This memorandum addresses the issue of starvation crimes committed during the civil war in South Sudan (2013-18) including the goals and methods of the perpetrators, the outcomes for the victims, and the possibilities for legal redress. It includes an overview of the use of starvation during the war and three case studies. Fuller legal analysis of starvation issues is addressed elsewhere.
South Sudan is, in peacetime, food secure but has high levels of poverty and poor health infrastructure. The 1983-2005 civil war witnessed numerous incidents in which all parties used starvation as a method of warfare. These occurred in the context of sieges, and also included scorched earth, forced displacement and largescale looting (especially of cattle), and the strategic manipulation of humanitarian operations in order to selectively attract relief supplies to feed soldiers and allied civilian populations while denying civilians under the control of the other side. These tactics led to recurrent famines.

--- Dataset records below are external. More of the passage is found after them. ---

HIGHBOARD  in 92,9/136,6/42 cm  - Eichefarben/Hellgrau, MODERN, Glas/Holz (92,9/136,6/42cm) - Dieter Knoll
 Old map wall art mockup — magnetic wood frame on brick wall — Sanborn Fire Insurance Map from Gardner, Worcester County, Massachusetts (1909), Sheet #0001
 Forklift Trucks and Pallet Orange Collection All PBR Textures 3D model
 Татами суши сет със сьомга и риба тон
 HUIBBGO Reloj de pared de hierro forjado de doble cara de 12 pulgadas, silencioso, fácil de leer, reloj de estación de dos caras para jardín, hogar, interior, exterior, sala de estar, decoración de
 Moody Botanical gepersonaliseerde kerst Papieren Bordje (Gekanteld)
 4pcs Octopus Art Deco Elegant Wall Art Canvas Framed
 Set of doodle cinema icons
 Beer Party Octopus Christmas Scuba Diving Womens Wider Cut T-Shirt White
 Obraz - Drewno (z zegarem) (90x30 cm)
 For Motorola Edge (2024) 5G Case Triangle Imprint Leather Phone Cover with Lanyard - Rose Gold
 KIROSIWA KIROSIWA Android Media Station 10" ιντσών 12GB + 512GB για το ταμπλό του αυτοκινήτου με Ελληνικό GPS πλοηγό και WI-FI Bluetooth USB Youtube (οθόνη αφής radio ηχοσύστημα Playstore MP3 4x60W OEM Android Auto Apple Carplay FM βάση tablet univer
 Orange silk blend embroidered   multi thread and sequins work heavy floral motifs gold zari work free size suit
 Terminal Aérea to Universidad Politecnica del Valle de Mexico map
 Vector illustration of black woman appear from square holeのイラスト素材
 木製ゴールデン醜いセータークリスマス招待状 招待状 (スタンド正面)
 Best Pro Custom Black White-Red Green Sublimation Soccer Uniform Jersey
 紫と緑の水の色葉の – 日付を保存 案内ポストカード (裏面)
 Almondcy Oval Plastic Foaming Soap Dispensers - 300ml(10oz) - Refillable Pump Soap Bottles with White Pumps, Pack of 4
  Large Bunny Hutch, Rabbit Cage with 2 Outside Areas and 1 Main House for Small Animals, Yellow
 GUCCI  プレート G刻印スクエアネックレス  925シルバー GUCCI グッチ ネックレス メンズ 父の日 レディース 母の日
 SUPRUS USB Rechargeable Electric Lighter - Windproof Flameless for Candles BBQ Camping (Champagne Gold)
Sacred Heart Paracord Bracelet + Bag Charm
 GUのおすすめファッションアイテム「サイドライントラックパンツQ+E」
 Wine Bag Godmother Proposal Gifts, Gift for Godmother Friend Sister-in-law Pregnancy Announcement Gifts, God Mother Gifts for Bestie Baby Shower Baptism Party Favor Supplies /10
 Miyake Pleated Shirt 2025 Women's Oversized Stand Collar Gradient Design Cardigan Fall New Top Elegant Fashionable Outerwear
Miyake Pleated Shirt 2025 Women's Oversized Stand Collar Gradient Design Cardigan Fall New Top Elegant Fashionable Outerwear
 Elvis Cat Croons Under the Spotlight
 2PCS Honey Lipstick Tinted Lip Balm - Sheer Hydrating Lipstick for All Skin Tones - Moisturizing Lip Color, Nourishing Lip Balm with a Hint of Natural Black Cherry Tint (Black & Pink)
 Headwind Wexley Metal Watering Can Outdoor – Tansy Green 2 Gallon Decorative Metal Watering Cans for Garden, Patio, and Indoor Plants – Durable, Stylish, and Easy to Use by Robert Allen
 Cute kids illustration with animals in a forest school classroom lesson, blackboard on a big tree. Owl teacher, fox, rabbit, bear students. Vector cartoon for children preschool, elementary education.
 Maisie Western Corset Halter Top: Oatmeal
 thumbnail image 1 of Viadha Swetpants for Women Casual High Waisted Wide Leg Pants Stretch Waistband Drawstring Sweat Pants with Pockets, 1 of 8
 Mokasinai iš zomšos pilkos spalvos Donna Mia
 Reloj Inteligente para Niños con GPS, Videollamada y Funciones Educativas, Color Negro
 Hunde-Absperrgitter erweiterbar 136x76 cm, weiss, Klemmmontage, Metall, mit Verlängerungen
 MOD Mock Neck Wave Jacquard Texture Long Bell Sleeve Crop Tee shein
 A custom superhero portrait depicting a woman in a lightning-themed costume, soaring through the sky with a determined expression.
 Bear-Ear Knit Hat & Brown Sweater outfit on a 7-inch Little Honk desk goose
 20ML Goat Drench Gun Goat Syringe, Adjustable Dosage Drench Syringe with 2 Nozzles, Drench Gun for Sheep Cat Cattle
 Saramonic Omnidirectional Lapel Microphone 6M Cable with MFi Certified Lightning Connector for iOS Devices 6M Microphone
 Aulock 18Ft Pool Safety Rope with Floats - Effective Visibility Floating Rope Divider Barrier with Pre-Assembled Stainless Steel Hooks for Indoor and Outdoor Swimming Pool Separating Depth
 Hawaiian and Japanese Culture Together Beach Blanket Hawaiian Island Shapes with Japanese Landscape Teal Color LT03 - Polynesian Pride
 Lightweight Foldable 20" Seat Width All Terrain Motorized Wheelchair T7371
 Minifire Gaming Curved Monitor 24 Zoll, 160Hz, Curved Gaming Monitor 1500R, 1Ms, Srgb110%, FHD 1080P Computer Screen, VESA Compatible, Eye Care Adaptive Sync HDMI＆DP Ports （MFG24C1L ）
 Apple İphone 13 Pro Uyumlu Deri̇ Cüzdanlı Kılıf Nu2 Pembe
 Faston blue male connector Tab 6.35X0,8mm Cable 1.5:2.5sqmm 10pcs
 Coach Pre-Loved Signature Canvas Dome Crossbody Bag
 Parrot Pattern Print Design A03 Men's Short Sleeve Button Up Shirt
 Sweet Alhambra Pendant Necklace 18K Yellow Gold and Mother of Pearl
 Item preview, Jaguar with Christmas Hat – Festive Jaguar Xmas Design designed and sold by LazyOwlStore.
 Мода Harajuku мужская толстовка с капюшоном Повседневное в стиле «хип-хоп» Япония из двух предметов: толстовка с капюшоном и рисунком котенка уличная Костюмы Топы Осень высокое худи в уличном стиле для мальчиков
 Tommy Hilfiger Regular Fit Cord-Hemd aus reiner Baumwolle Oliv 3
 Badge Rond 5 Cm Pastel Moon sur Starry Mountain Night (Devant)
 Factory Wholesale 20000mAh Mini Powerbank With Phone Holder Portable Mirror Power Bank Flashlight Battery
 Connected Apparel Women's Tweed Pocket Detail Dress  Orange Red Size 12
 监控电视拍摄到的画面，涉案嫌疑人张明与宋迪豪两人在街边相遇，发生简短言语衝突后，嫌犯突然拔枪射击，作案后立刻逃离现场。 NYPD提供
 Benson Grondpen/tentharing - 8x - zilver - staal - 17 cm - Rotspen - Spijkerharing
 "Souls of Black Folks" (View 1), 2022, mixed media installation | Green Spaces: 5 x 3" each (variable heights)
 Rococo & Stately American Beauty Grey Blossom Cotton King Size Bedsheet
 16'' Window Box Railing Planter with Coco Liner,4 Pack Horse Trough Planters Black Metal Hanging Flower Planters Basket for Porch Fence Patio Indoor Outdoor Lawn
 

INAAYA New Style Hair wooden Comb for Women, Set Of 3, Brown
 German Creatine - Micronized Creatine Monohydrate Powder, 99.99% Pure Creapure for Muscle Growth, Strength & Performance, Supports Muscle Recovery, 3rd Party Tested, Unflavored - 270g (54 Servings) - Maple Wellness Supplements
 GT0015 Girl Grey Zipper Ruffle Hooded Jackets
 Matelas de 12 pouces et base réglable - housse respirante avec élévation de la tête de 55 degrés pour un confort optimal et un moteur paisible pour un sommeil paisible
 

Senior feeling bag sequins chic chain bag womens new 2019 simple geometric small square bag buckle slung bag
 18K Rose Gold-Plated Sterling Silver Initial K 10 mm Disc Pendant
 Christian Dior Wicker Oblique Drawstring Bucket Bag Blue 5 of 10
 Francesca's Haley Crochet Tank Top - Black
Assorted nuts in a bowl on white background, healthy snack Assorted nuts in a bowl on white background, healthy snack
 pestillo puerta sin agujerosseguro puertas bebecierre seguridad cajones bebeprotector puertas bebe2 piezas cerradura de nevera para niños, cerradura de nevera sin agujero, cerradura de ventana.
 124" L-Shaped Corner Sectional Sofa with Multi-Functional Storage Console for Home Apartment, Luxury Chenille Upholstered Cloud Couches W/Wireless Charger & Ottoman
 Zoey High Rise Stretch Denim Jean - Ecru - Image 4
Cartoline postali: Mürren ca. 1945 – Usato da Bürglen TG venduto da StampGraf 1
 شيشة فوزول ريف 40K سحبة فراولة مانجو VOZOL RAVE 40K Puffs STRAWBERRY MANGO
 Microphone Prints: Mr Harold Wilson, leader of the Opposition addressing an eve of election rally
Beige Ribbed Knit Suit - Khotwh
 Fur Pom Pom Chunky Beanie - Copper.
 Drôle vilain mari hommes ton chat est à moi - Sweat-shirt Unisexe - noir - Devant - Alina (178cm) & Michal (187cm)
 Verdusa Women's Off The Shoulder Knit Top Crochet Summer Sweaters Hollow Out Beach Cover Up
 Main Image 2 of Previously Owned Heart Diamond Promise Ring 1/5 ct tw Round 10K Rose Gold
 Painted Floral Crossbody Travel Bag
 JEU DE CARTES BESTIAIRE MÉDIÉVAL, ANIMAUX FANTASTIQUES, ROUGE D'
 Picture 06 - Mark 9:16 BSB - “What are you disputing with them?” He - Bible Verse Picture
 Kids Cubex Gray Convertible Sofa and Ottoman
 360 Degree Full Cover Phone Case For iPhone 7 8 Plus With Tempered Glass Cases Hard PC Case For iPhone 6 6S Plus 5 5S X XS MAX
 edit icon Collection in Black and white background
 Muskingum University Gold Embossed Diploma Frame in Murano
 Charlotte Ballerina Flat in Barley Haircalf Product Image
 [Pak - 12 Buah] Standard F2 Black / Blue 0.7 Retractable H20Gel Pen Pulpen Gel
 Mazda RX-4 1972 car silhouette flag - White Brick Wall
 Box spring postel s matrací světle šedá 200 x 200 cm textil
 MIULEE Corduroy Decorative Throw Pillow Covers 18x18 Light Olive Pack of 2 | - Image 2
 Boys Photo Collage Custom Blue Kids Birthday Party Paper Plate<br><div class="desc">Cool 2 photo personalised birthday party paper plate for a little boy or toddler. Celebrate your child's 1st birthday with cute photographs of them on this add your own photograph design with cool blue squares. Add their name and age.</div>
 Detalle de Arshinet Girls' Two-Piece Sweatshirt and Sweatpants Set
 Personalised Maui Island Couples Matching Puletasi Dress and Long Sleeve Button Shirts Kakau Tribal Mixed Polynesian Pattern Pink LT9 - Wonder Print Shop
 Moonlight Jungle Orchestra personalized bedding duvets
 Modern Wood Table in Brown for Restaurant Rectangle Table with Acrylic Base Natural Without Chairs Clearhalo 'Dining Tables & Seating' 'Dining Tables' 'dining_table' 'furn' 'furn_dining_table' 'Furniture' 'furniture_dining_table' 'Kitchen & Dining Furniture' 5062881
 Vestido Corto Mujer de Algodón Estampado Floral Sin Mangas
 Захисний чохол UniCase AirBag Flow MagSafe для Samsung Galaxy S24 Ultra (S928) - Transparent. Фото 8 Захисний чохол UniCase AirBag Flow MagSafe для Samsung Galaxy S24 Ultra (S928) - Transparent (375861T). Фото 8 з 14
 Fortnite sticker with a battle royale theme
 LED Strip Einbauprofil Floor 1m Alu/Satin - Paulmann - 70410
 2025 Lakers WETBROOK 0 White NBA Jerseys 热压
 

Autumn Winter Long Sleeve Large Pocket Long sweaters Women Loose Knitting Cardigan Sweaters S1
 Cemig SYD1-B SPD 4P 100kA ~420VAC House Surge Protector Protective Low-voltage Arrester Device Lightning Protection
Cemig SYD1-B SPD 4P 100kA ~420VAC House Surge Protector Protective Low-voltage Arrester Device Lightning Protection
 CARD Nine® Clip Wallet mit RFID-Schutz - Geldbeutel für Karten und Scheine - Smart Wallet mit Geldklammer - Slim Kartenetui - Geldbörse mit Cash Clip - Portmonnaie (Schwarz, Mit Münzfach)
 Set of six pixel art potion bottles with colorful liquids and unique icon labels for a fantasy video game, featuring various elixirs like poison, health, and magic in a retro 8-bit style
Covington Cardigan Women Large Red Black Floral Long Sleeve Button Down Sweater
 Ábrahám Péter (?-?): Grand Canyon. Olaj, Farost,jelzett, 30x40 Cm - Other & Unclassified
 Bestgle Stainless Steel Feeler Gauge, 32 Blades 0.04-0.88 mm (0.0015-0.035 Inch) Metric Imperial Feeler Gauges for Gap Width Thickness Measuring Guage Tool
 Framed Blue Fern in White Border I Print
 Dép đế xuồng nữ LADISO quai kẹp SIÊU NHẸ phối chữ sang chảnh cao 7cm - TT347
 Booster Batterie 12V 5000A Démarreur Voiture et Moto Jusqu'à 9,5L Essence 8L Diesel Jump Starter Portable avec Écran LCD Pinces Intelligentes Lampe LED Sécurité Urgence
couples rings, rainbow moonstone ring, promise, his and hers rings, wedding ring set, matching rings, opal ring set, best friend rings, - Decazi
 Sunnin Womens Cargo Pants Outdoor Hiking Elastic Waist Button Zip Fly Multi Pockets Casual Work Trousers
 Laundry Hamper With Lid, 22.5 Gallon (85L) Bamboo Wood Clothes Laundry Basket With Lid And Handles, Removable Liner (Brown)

The recent war reprised this experience. Both government and opposition forces used starvation tactics, causing hunger, disease, social breakdown and heightened mortality. Humanitarian aid was also blocked, stolen and manipulated, and aid workers were attacked. While only a few locations descended into ‘famine’ conditions according to the Integrated Food Security Phase Classification (IPC) scale, very large populations suffered ‘emergency’ and ‘crisis’ levels of food insecurity. An estimated 383,000 people died between early 2014 and mid-2018.
Unity State was the worst hit by starvation due to massive and repeated depredations by both parties. Another case was Wau/ Baggari in Western Bahr al Ghazal State, where people were forced into an inhospitable location, leading to extremely severe localized famine conditions. A third case is Yei in Central Equatoria State: a breadbasket reduced to ‘emergency’ status by government attacks.
The conduct of hostilities in South Sudan includes actions that undoubtedly constitute a grave violations of international laws across IHL and ICL including starvation crimes. As such they should be considered for prosecution in the envisaged hybrid court. The memo concludes with reflections on possible avenues for this.